SPF-aware greylisting with Exim and memcache

This is a followup of my 2011’s article avoiding Spams with SPF and greylisting within Exim. What changed since then? I actually am not more harrassed by spam that I was earlier on. It works. I am spam free since a decade now. No, but, however, several importants mail providers have a tendancy to send mail through multiples SMTPs, so many it took a while for any of them to do at least two attempt. So some mails takes ages to pass the greylist.

Contemplating the idea to use opensmtpd, I incidentally found an interesting proposal to mix greylisting of IP with SPF-validated domains.

The idea is that you greylist either an SMTP IP or a domain including any SMTP IP approved by SPF.

I updated the memcached-exim.pl script previously used and described. It was simplified because I dont think useful to actually make greylist per sender and recipient, only per IP or domain. Now it either only greylist IP, if not validated by SPF, or the domain and IP on success (to save a few SPF further test).

I dont think it should have any noticeable impact on the server behavior. SPF is anyway checked, so it is meaningless since there is local caching DNS on my mail servers.

The earlier /etc/exim4/memcached.conf is actually no longer required (defaults are enough). You still need exim configuration counterparts:  /etc/exim4/conf.d/main/00_stalag13-config_0greylist and /etc/exim4/conf.d/acl/26_stalag13-config_check_rcpt.

Avoiding Spams with SPF and greylisting within Exim

A year ago, I posted an article describing a way to slay Spams with both Bogofilter and SpamAssassin embedded in exim. This method was proven effective for my mailboxes:  since then, during a timespan of one year, Bogofilter caught ~ 85 % of actual spams, SpamAssassin (called only if mail not already flagged defavorably by Bogofilter) caught ~ 15 %. Do the math, I had almost none to flag by hand.

Why would I change such setup? For fun, obviously 🙂

Actually, I made no change, I just implemented SPF (Sender Policy Framework) and greylisting.

I noticed that plenty of spams were sent to my server @thisdomain claiming to be sent by whoever@thisdomain. These dirty spams were easily caught by the duo Bogofilter / SpamAssassin, but still, it annoyed me that @thisdomain was misused. SPF allows, using DNS records, to list which servers/computers are allowed to send mails from addresses @thisdomain.   SPF checks are predefined in Exim out of the box, so I’ll skip its configuration. The relevant DNS record (with bind9), allowing only two boxes (primary and secondary mail servers) designated by their IP to send mails @thisdomain, looks like:

thisdomain. IN  TXT  "v=spf1 ip4:78.249.xxx.xxx ip4:86.65.xxx.xxx -all"
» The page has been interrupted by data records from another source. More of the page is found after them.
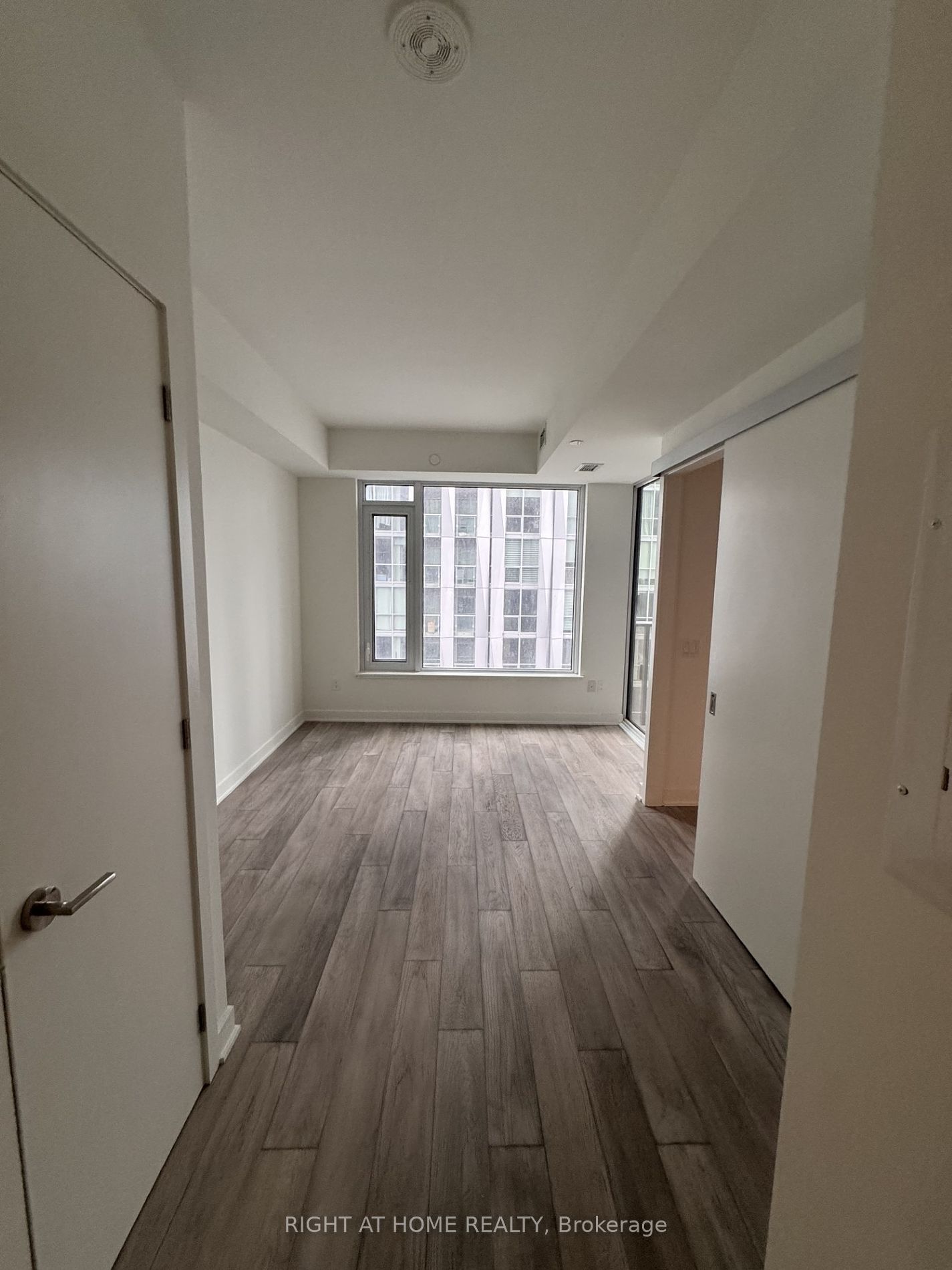 11 Yorkville Ave, unit 1907 for rent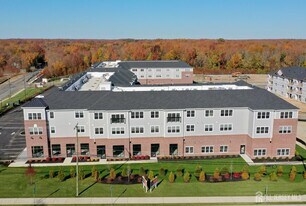 625 Spotswood Englishtown Rd in Monroe Township, NJ - Building Photo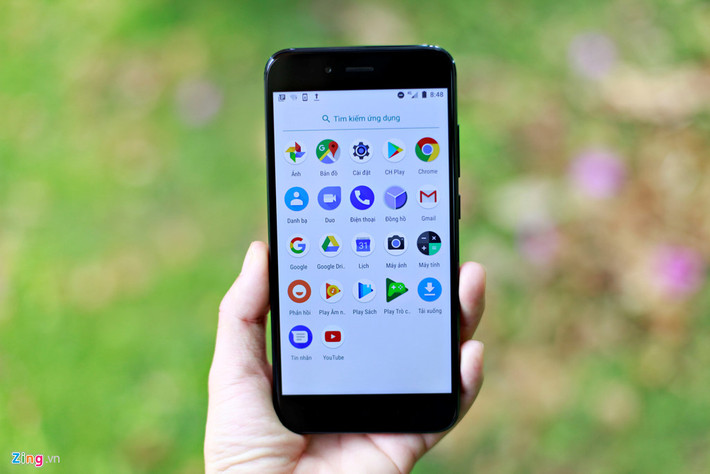 Mi A1 cũng là smartphone đầu tiên của Xiaomi dùng Android One với giao diện nguyên bản từ Google. Máy dùng chip Qualcomm Snapdragon 625, RAM 4 GB, bộ nhớ trong 64 GB, pin 3.080 mAh.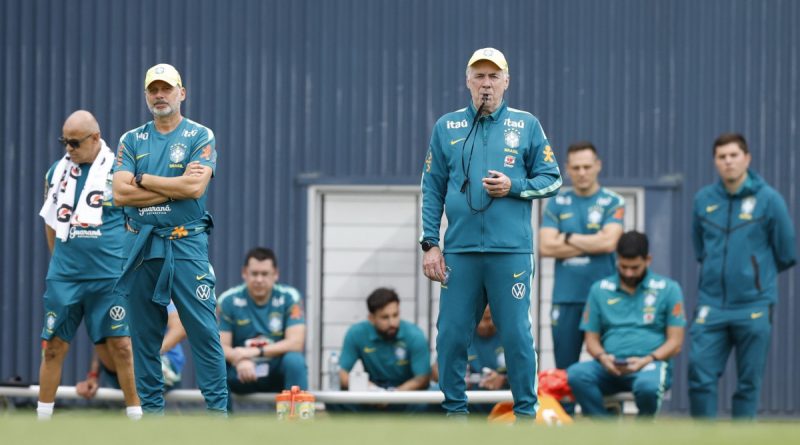 Ancelotti minimiza críticas na Seleção e garante: ‘Temos futuro’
Result: Since I implemented SPF on my domains, there was no change in the number of spam caughts. However, during this period, my primary server list of temporary bans dropped from 200/100 IPs to 40/20 IPs. I cannot pinpoint with certainty the cause of this evolution because the temporary bans list depends on plenty of things. But, surely, pretending to send mails @thesedomainsgrilledbySPF surely lost some interest for spambots. Implementing SPF is actually not about helping ourselves directly but indirectly: reducing effectiveness of spambots helps everybody.

I use greylisting on my secondary mail server since a while and I noticed over years that this one almost never had to ban IPs. Not that he never received spam, but that he almost never received mails from very obvious spam sources identified at STMP time.  Seems that most very obvious spam sources never insist enough to pass through greylisting. I guess that most spambots are coded to skip any mail server that does not immediatly accept a proper SMTP transaction, because it has no time to waste, considering how little is the percentage of spams sent actually reaching someone real.

This greylisting use the following files (an assumes memcached and libcache-memcached-perl are properly installed):

So I gave a try using greylist my primary mail server, but with a very short waiting time, because 5 minutes, for example, to receive mail from a not-yet-known  source is not acceptable. So I edited the relevant conf.d/main/ file to GREY_MINUTES = 0.5 and GREY_TTL_DAYS = 25.

Result: no changes regarding the number of caught spams. However, like on the secondary mail server, the number of banned IPs is near to none. Looks like most obvious spam sources don’t wait even only 30 seconds – actually, it’s a very acute choice as they would be anyway banned if they did.